Set down exactly the lines below, starting at the one that contains "QR-code link către" and ending at the one that contains "gel-creme-facial-acido-hialuronico-botik-boticario-1", with both of those lines included and nothing else.

Information provided:
- - - - - - -

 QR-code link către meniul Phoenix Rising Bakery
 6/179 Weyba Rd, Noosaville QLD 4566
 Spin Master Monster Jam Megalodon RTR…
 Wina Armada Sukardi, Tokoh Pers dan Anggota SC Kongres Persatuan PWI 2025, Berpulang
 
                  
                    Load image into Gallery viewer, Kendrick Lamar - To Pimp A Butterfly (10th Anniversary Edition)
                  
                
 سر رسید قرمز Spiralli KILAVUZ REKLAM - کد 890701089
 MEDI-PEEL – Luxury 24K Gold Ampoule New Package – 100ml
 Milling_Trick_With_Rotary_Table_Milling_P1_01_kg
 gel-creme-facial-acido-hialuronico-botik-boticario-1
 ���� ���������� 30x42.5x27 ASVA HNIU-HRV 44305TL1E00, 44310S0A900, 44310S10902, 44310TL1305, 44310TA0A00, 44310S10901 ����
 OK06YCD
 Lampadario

- - - - - - -

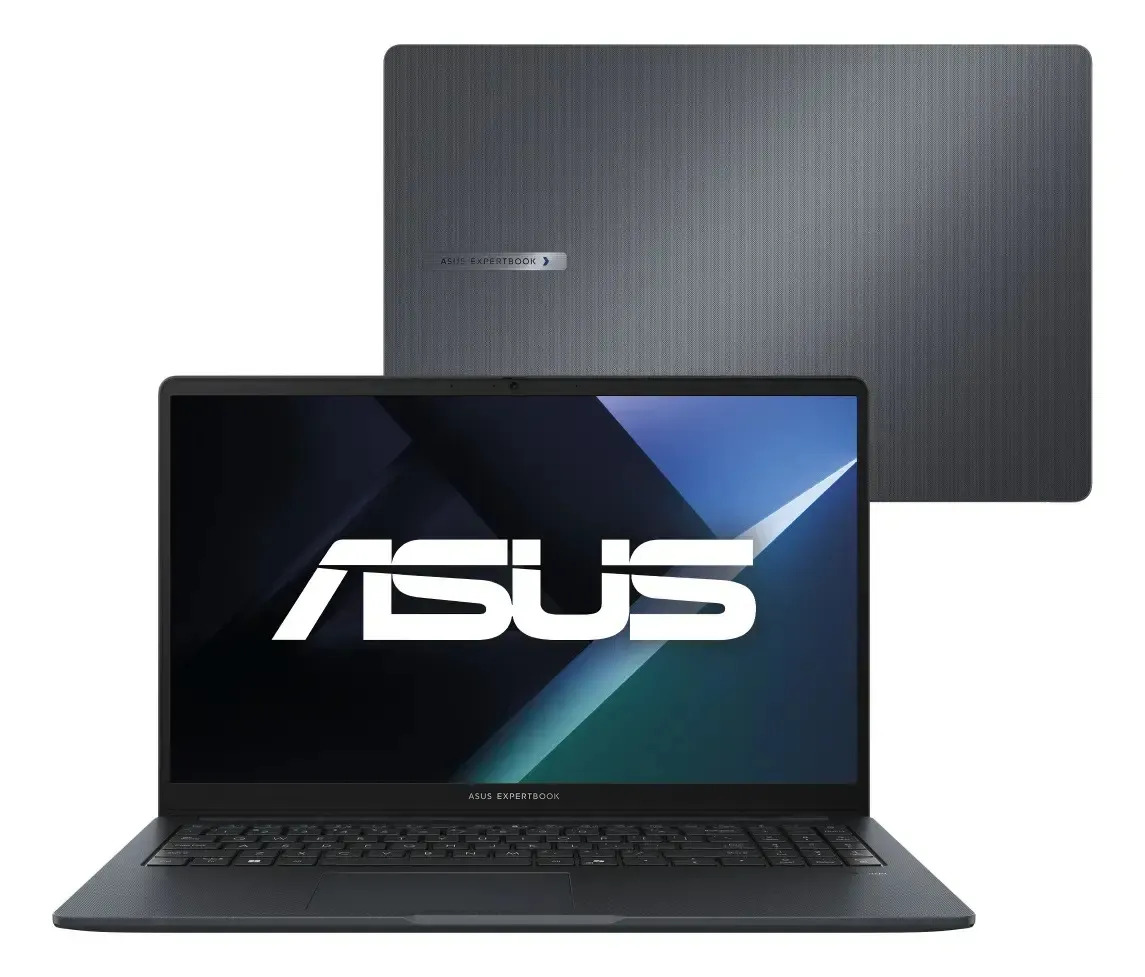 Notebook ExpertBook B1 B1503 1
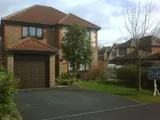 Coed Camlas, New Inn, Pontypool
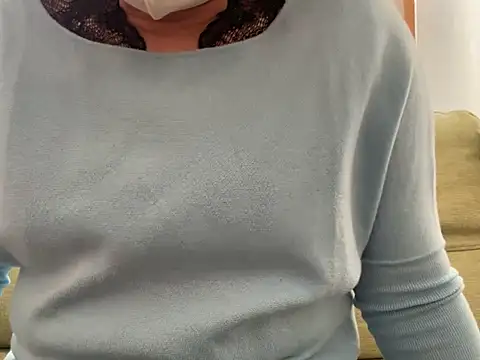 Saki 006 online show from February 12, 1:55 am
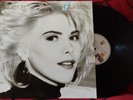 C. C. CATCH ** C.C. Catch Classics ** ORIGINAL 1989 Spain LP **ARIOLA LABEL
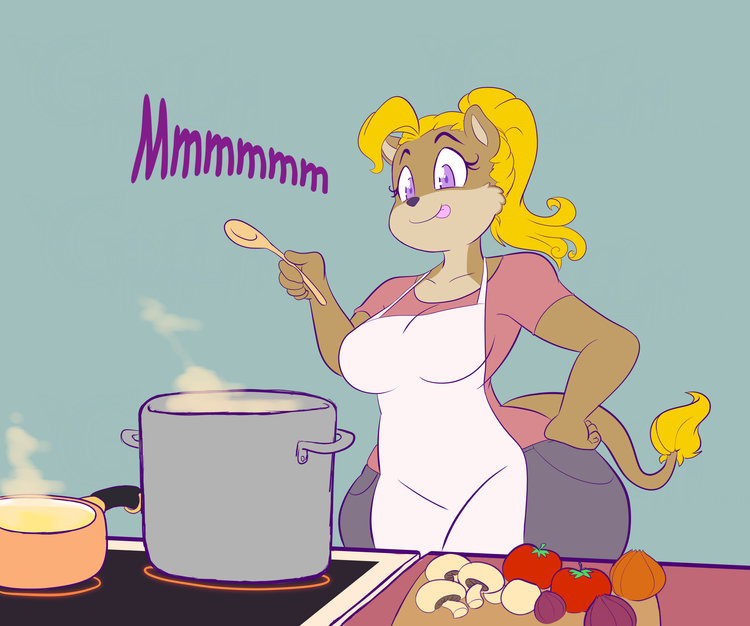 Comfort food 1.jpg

- - - - - - -

Solution for this exercise:
 QR-code link către meniul Phoenix Rising Bakery
 6/179 Weyba Rd, Noosaville QLD 4566
 Spin Master Monster Jam Megalodon RTR…
 Wina Armada Sukardi, Tokoh Pers dan Anggota SC Kongres Persatuan PWI 2025, Berpulang
 
                  
                    Load image into Gallery viewer, Kendrick Lamar - To Pimp A Butterfly (10th Anniversary Edition)
                  
                
 سر رسید قرمز Spiralli KILAVUZ REKLAM - کد 890701089
 MEDI-PEEL – Luxury 24K Gold Ampoule New Package – 100ml
 Milling_Trick_With_Rotary_Table_Milling_P1_01_kg
 gel-creme-facial-acido-hialuronico-botik-boticario-1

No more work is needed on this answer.